What other things should I try? Thanks in advance.
I cannot see anything among your chain=input rules that would explain this behaviour.
But please replace the rule action=accept chain=input protocol=udp port=500,1701,4500 by two rules: action=accept chain=input protocol=udp **dst-**port=500,4500
action=accept chain=input protocol=udp **dst-**port=1701 ipsec-policy=in,ipsec
The reasons are the following:
port matches also on source port, which means that if someone manages to send a DNS request from UDP port 500,1701, or 4500, he will get through to the DNS server listening on your Mikrotik,
for the reason above, this match condition is rarely used, so it may be actually broken but no one may have noticed that, which would explain why you have to remove the “drop anything else coming in via pppoe1” in order to get the L2TP/IPsec connection extablished,
access to L2TP ports should only be possible after the IPsec layer is up.
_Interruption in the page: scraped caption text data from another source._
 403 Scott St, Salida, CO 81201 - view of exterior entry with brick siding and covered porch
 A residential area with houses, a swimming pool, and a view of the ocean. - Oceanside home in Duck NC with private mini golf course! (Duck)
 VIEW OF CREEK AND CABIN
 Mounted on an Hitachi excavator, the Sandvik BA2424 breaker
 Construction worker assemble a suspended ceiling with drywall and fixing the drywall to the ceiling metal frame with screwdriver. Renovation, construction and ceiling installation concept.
Some clients permit fallback to L2TP without encryption if IPsec parameters cannot be negotiated, which is normally not what you want to permit
Originally I did use dst-port, but since it did not work, I changed it to “any port”, because I somehow thought that the communication was not able to be established because the ports were blocked when going out. That’s what I surmised from why disabling the “drop all not coming from LAN on pppoe1” solves the issue.
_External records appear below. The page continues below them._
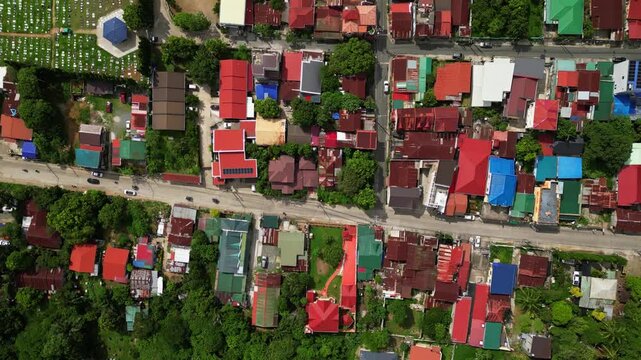 Cinematic tracking aerial shot following the area around CJDC Building in Alfonso Cavite Philippines with visible road access, nearby establishments, and local urban activity.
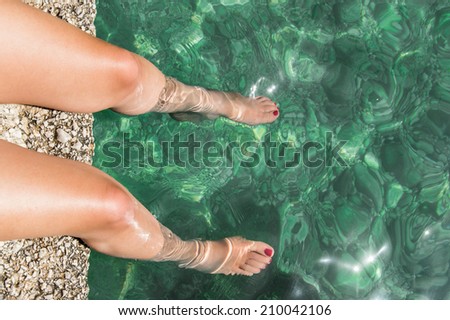Close up on legs and feet of a model bathing in a pristine Mediterranean sea in Sicily (Italy)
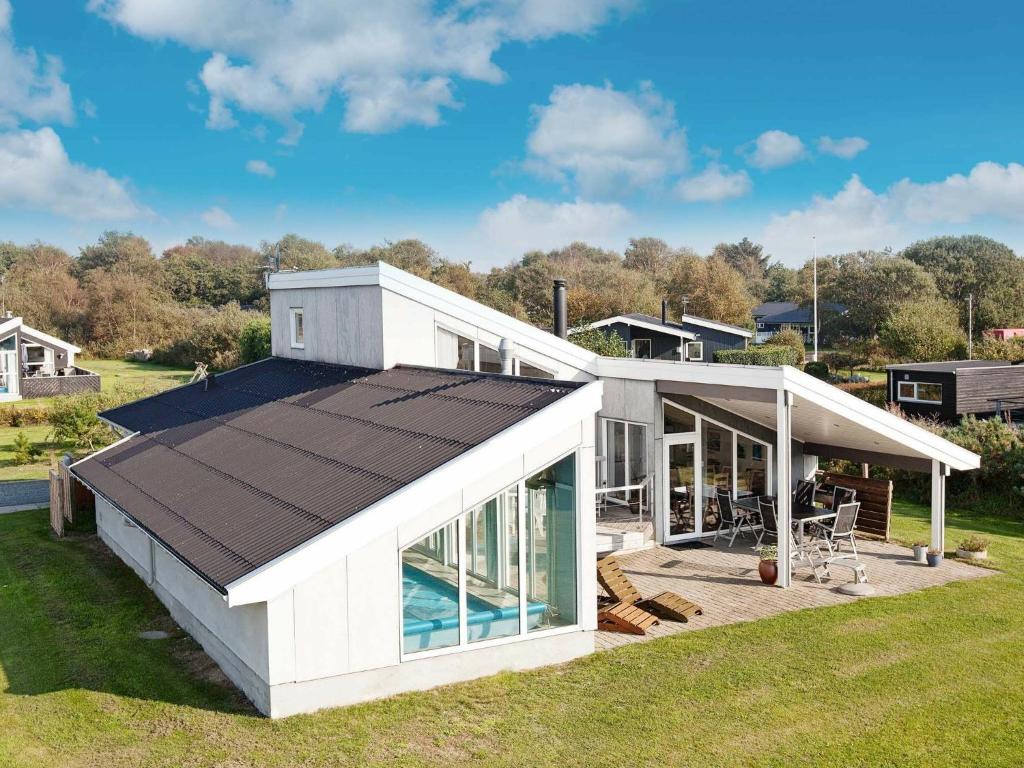 埃贝尔托夫特10 person holiday home in Ebeltoft的白色的房子,设有游泳池和屋顶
I further experimented on the rules, and found that I have to disable the rules for port 50 and 51, otherwise it somehow would not work, not sure why.
I assume you have in mind the rules for protocols 50 and 51, i.e. ESP and AH. To be honest, it is a surprise for me that disabling them makes it work better. Is the client on public IP? Because if yes and since the Tik has a public IP too, use of raw ESP should be negotiated, if the client is (or if the Mikrotik was) behind a NAT, the ESP is encapsulated into UDP on port 4500. So either the ESP rule should be necessary for it to work (it is the client who sends the first L2TP packet, so the ESP must be permitted in chain=input as the connection will not be established by a packet sent by the Tik) or it should be irrelevant (as the IPsec control communication and the transport communication both use UDP port 4500).
Yes I mean protocols ESP and AH on port 50 and 51, and the client is behind a NAT. I thought it would be necessary as well to include it, but apparently not. Enabling them makes me unable to connect - whereas disabling them enables the connection. Logically though, that should not matter, since the rule is accept, not drop. But for some reason that works.
Just terminologically, IP protocol number is not the same thing like port number. A payload protocol of IP called UDP has protocol number 17 and uses source and destination ports (0..65535 each), a payload protocol of IP called TCP has protocol type 6 and also uses source and destination ports (0..65535 each), whereas payload protocols of IP called GRE, ESP, AH have protocol numbers 47, 50, 51 respectively. Many other payload protocols of IP exist, only few of them use the notion of ports as an extension of the IP address allowing to distinguish connections between two IPs from one another. The absence of the notion of ports in ESP is the reason why for NAT traversal, ESP has to be encapsulated into UDP.